The Natural Enquirer: The study of horology
I was asked about the origin of hours, minutes and seconds? I submit this for your edification.
Horology is the study of clocks and time. Not until somewhat recently (that is, in terms of human history) did people find a need for knowing the time of day. As best we know, 5,000 to 6,000 years ago great civilizations in the Middle East and North Africa began to make clocks to augment their calendars. With their attendant bureaucracies, formal religions and other burgeoning societal activities, these cultures apparently found a need to organize their time more efficiently.
This all dates back to the Ancient Babylonians, who liked to count in base 60. Ratios of 6, 12, 60, and 360 were seen by them as being “round” numbers in the same way that we use base 10 and see 5, 10, 100 etc. as useful numbers to divide things up into. The Babylonians divided the sky into the 12 signs of the Zodiac, and a circle into 360 degrees. They divided the day and night each into 12 hours (although in many time systems the lengths of these varied between summer and winter. Babylon was rather nearer the equator than Liverpool, so they didn’t get too confused with this.) The hour was split into 60 minutes and a minute into 60 seconds. All these numbers have survived for 4,000 years, despite the fact that we have changed our numbering system to base 10. In England, when I was young, we still measured with feet, each divided into 12 inches. Americans still do!
The year is nearly 360 days long, and the Babylonians split it into 12 months. Other civilizations based their calendar on the moon and had 13 months. We still have problems with this today because Easter is based on the lunar calendar, and migrates around the Julian calendar in a complex way. Chinese new year is still based on the Lunar calendar.

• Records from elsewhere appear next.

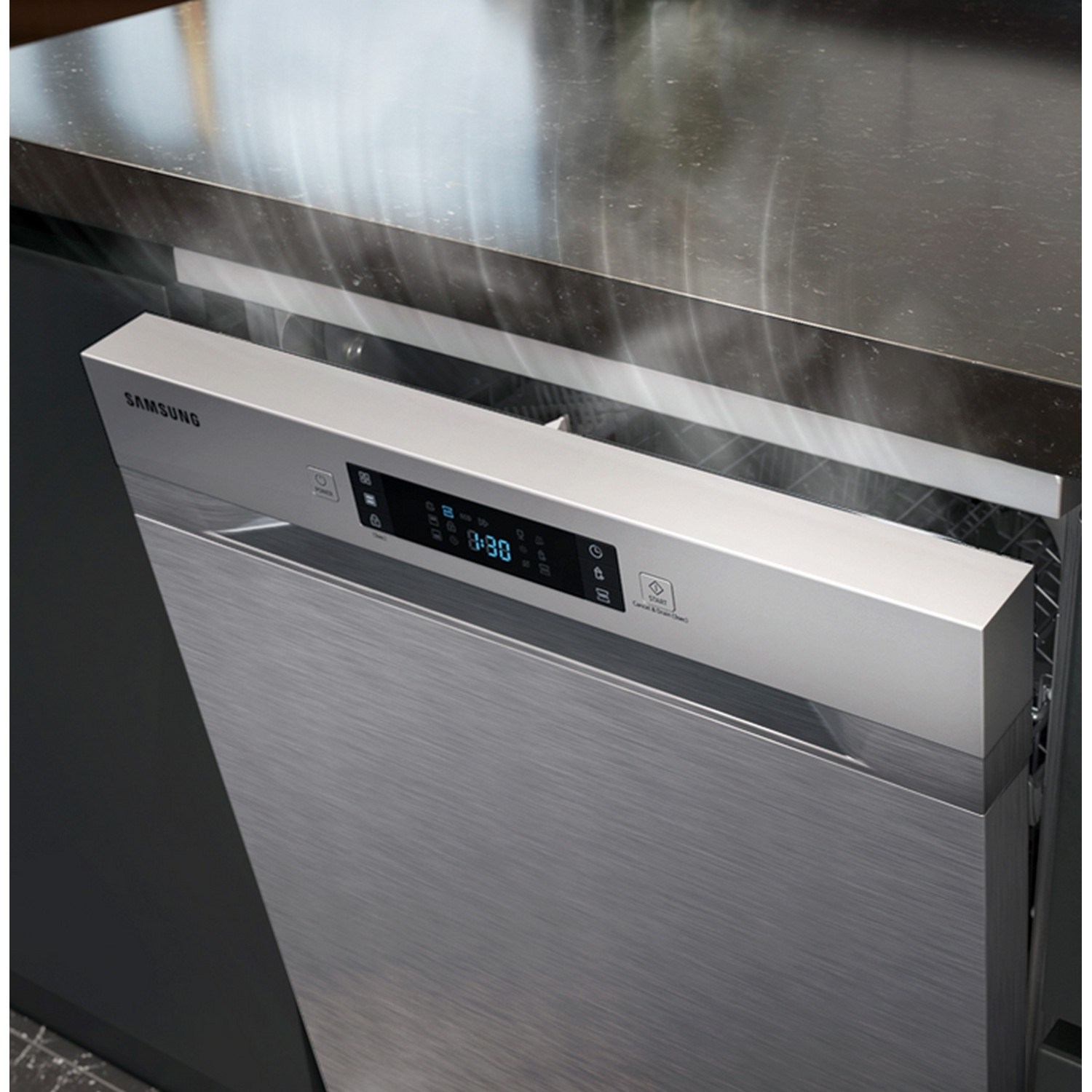 A silver Samsung dishwasher is open slightly, with warm steam rising from the top under a dark countertop.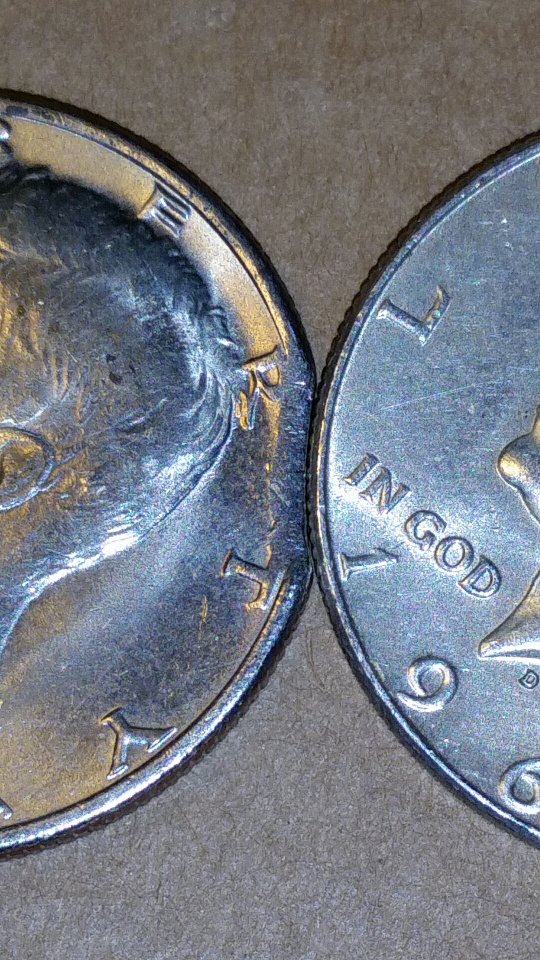 Kennedy-Half-With-A-Possible-Faulty-Planchet?-Missing-A-Rounded-Chunk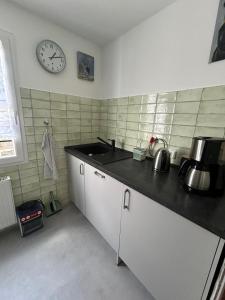 a kitchen with a sink and a clock on the wall at Fachwerkjuwel im Bergischen in Remscheid +5 photos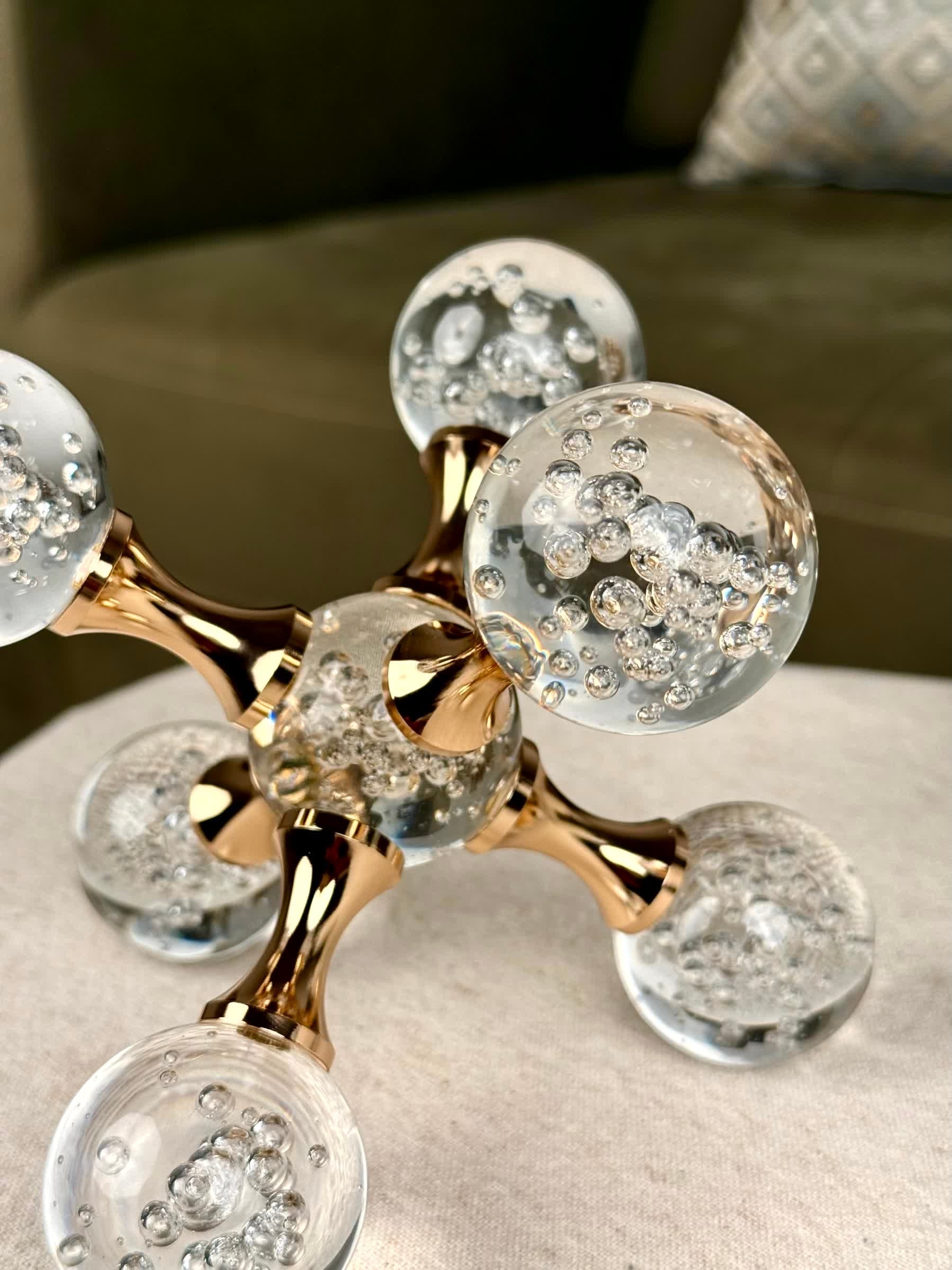 High Objects Aurora Orb Sculpture Artefact with clear glass spheres containing bubbles and rose gold metallic rods.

Sun Clocks, the Sumerian culture was lost without passing on its knowledge, but the Egyptians were apparently the next to formally divide their day into parts something like our hours. Obelisks (slender, tapering, four-sided monuments) were built as early as 3500 BC. Their moving shadows formed a kind of sundial, enabling people to partition the day into morning and afternoon. Obelisks also showed the year’s longest and shortest days when the shadow at noon was the shortest or longest of the year. Later, additional markers around the base of the monument would indicate further subdivisions of time. Another Egyptian shadow clock, or sundial, possibly the first portable timepiece, came into use around 1500 BC. This device divided a sunlit day into 10 parts plus two “twilight hours” in the morning and evening. When the long stem with five variably spaced marks was oriented east and west in the morning, an elevated crossbar on the east end cast a moving shadow over the marks. At noon, the device was turned in the opposite direction to measure the afternoon “hours.”
A sundial described in 1300 BCE reveals that the Egyptians determined a daily cycle to be made up of ten hours of daylight from sunrise to sunset, two hours of twilight and 12 hours of night. Their calendar year was divided into 36 decans, each 10 days long, plus five extra days, totaling to a 365 day year. Each decan was equivalent to a third of the zodiacal sign and was represented by a decanal constellation. The night corresponded to about 12 decans, half a day to 18 decans. Similar to the system used in Oriental clocks, the night was thus divided into twelve hours, with seasonable variations of the hour’s length. Later, Hellenistic astronomers introduced equinoctial hours of equal length.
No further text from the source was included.